On Nov 8, 2006, at 7:41 AM, Dennis Kubes wrote:
I don't know if I completely understand what you are asking but let
me try to answer your questions.
David Pollak wrote:
Howdy,
Is there a way to store "by-product" data someplace where it can
be read? For example, as I'm iterating over a collection of
documents, I want to generate some statistics about the
collection, put those stats "someplace" that can be accessed
during future map-reduce cycles. Should I simply run a "faux" map-
reduce cycle to count the information and store it in a known
location in the DFS?
Usually you would run a MapReduce job to store intermediate results
and then another job to process aggregated or final results.

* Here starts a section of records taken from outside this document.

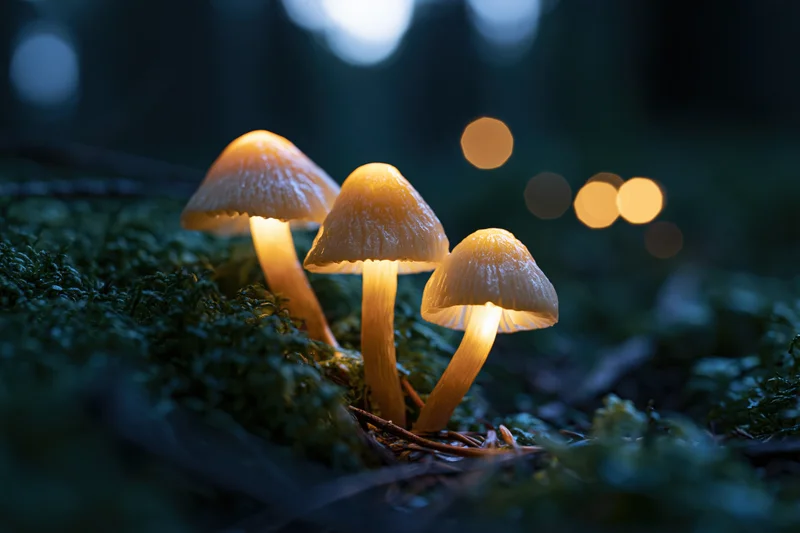 Three glowing mushrooms clustered on mossy forest floor at night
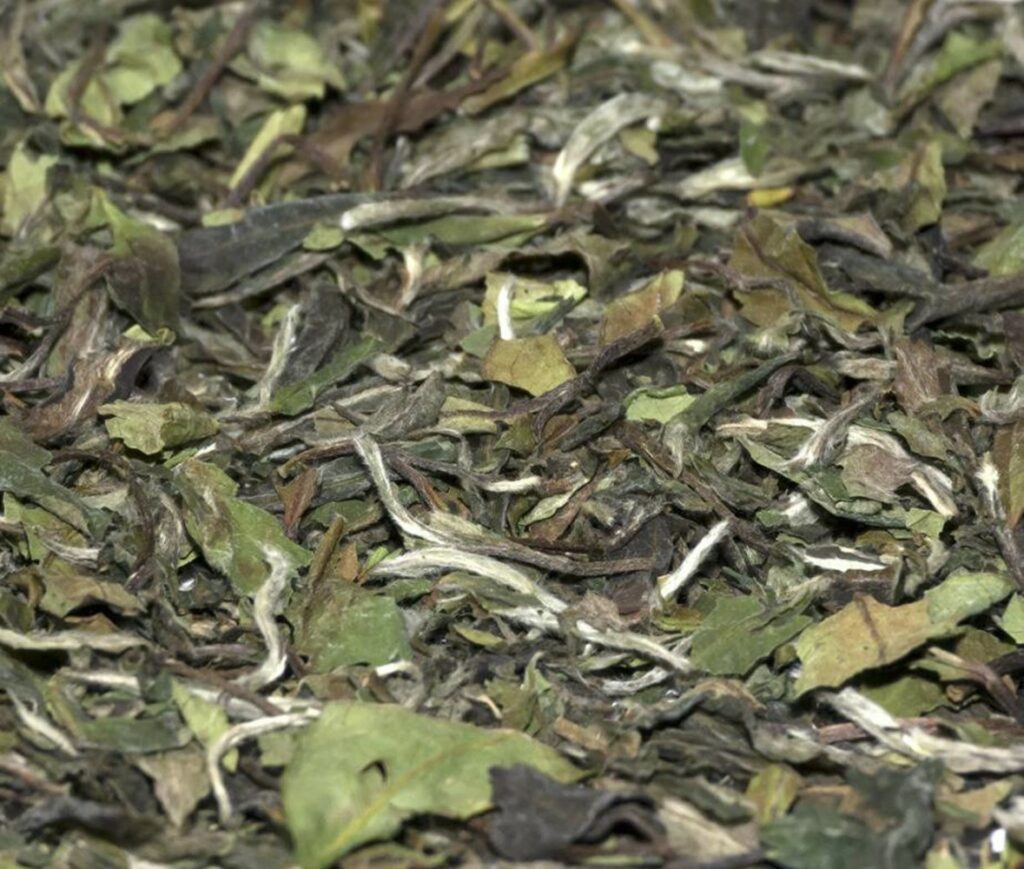 white-tea-china-pai-mu-tan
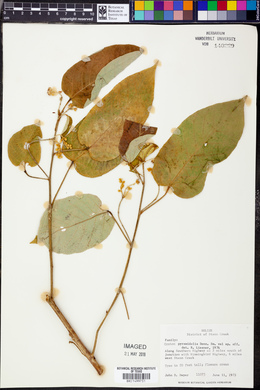 Croton pyramidalis image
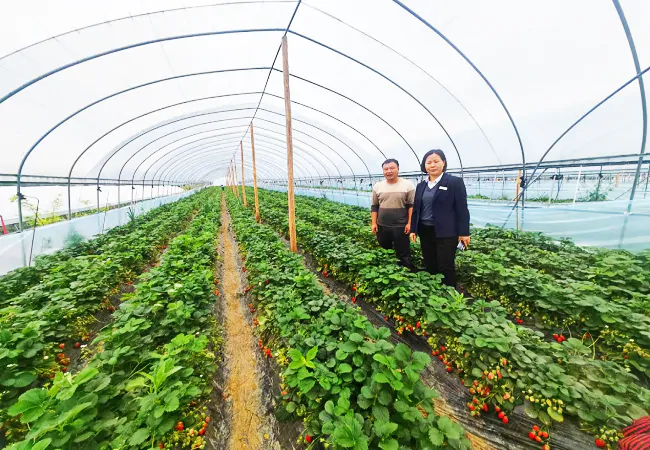 黄平农商银行巧出&ldquo;实招&rdquo;，服务实体经济发展有成效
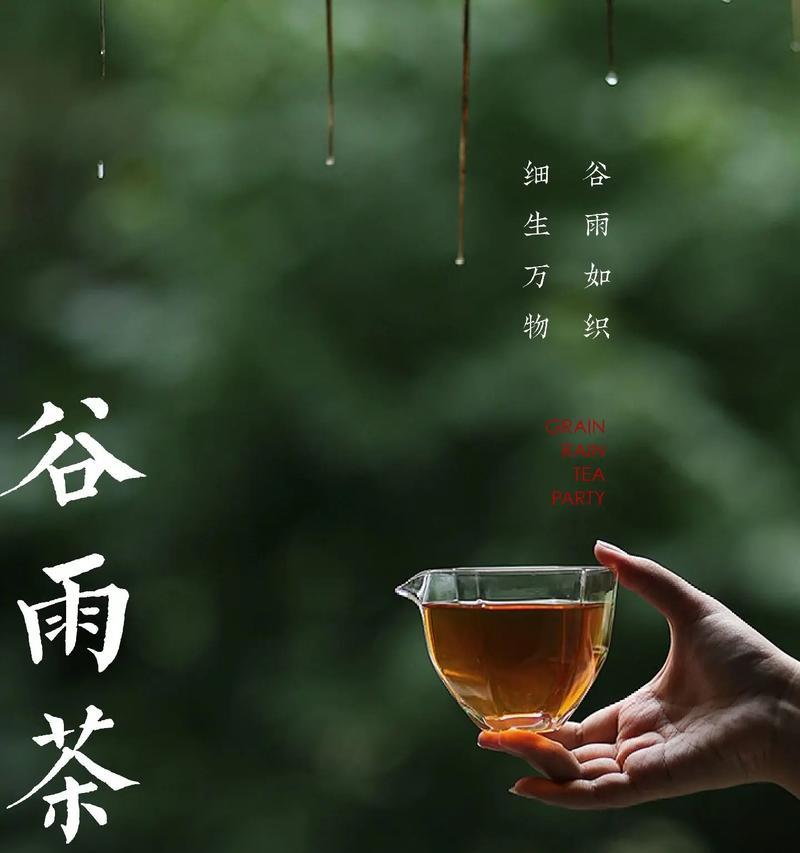 《谷雨茶事：古风悠扬说感怀》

Sometimes this can be done in a single job, sometimes not. Take a
look at the Hadoop example for Grep or WordCount for example jobs.
Yep. I'm able to chain jobs together. In one case, I am counting
URLs and Noun Phrases for documents retrieved during a certain run.
In order to normalize the URLs and NP counts, I want to divide by the
total number of URLs or NPs for that time period. I seem to have 2
choices:
1 - I can aggregate the counts during the Map/Reduce task that culls
the URLs and NPs
2 - I can run another Map/Reduce task on the URL and NP sets to count
the number of documents.
It seems that if I do the latter, it's another iteration over the
data set which seems expensive. Is #2 the best choice?
Is there a way to map a collection of words or documents to
associated numbers so that indexing could be based on the word
number and/or document number rather than actual word and actual
URL? Because the reduce tasks take place in separate processes,
it seems that there's no way to coordinate the ordinal counting.
If you are talking about Index document id then you would need to
read the index and map url to document id and then a second job
would map id to whatever else by url. If you are wanting count
each word globally across all tasks and splits you can coordinate
it within splits by using a MapRunner but across splits I don't
know of a way to do that.
Yep... I'm looking to generate a unique ID across all the MR tasks.
Basically, I want a file that looks like:
apple 1
beta 2
cat 3
dog 4
moose 5
....
Is there a final merge task that merges all the reductions together?
If so, perhaps I could do the count in the final merge. Any idea is
the final merge is accessible?
Thanks,
David
Dennis
Thanks,
David